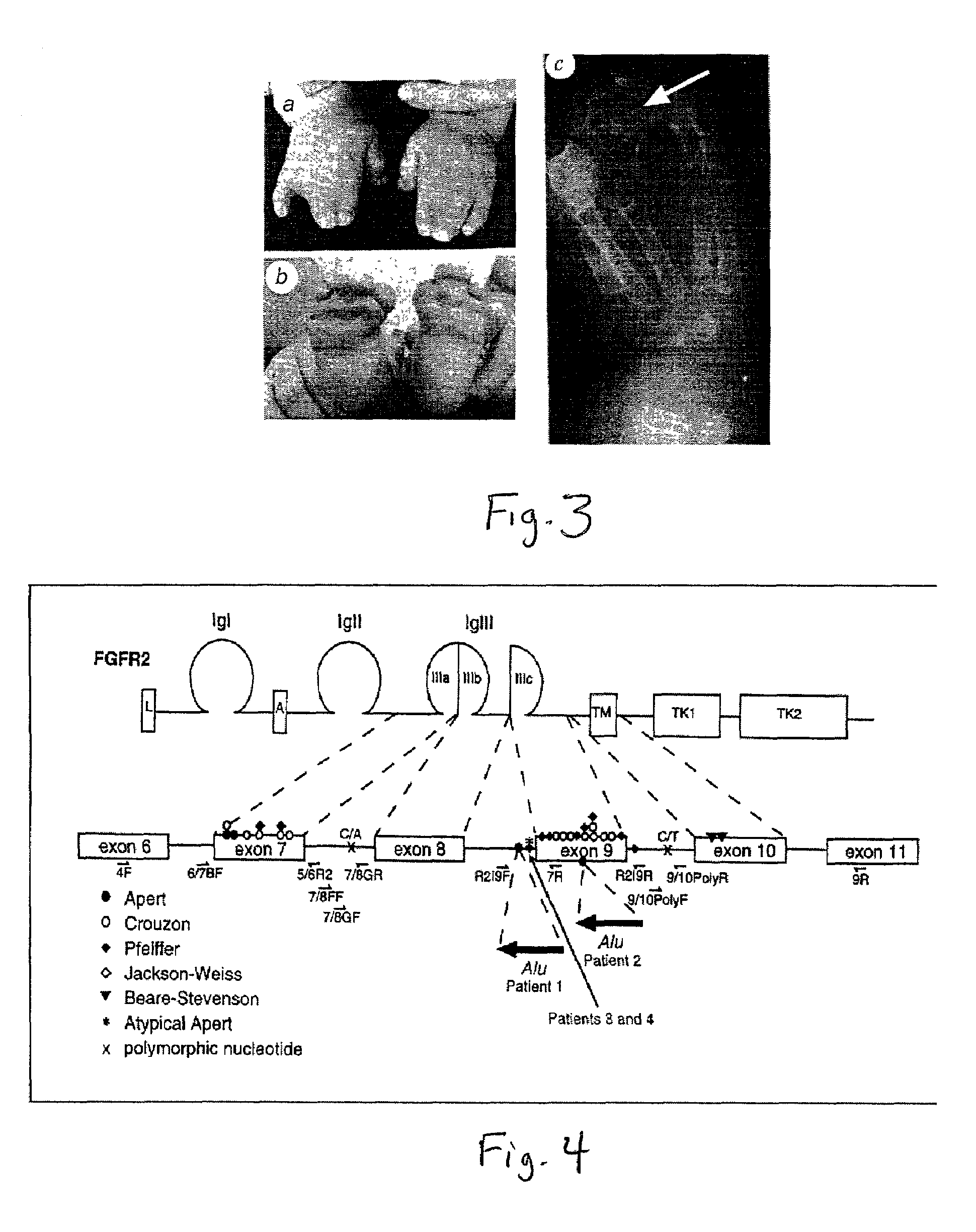 Splice choice antagonists as therapeutic agents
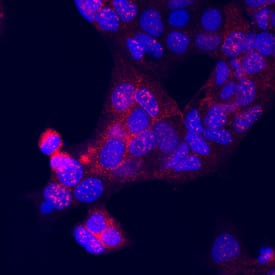 NCK1 was detected in immersion fixed MCF-7 human breast cancer cell line using Mouse Anti-Human NCK1 Monoclonal Antibody (Catalog # MAB7008) at 25 µg/mL for 3 hours at room temperature. Cells were stained using the NorthernLights™ 557-conjugated Anti-Mouse IgG Secondary Antibody (red; Catalog # NL007) and counterstained with DAPI (blue). Specific staining was localized to cytoplasm. View our protocol for Fluorescent ICC Staining of Cells on Coverslips.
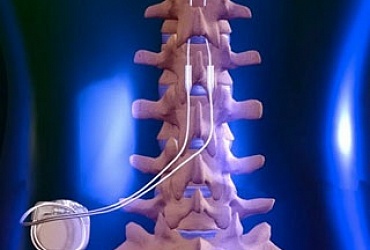Neurostimulation Therapy Treatment (Spinal Cord Stimulation)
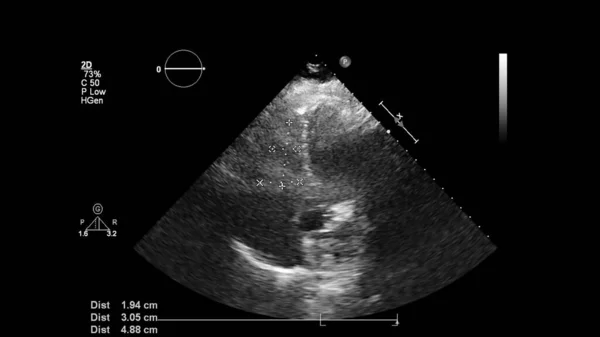 Abbildung Des Herzens Graustufen Modus Während Des Transesophagealen Ultraschalls — Stockfoto
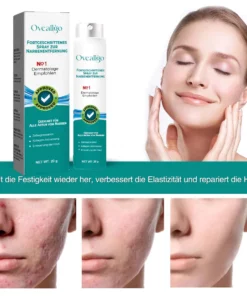 Alternative view of Oveallgo™ LUX Fortgeschrittenes Spray zur Narbenentfernung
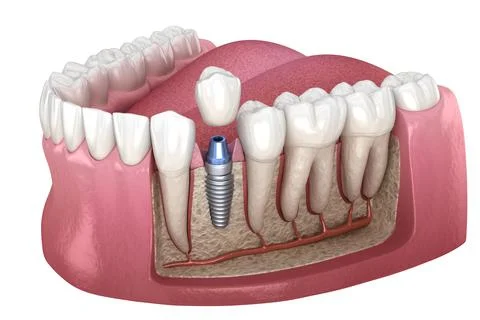 Premolar tooth crown installation over implant abutment. Stock Illustration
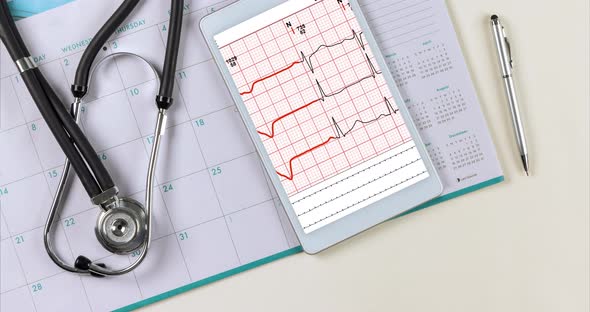Doctor Workplace with a Stethoscope Electrocardiogram Heart Rate Readings alt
***
§ **PROMPT**: The answer must consist of the line containing "Neurostimulation Therapy Treatment" and every line after it through the end of the records, retyped exactly, with all pictures left out.

§ **RESPONSE TO THE EXERCISE**:
Neurostimulation Therapy Treatment (Spinal Cord Stimulation)
 Abbildung Des Herzens Graustufen Modus Während Des Transesophagealen Ultraschalls — Stockfoto
 Alternative view of Oveallgo™ LUX Fortgeschrittenes Spray zur Narbenentfernung
 Premolar tooth crown installation over implant abutment. Stock Illustration
Doctor Workplace with a Stethoscope Electrocardiogram Heart Rate Readings alt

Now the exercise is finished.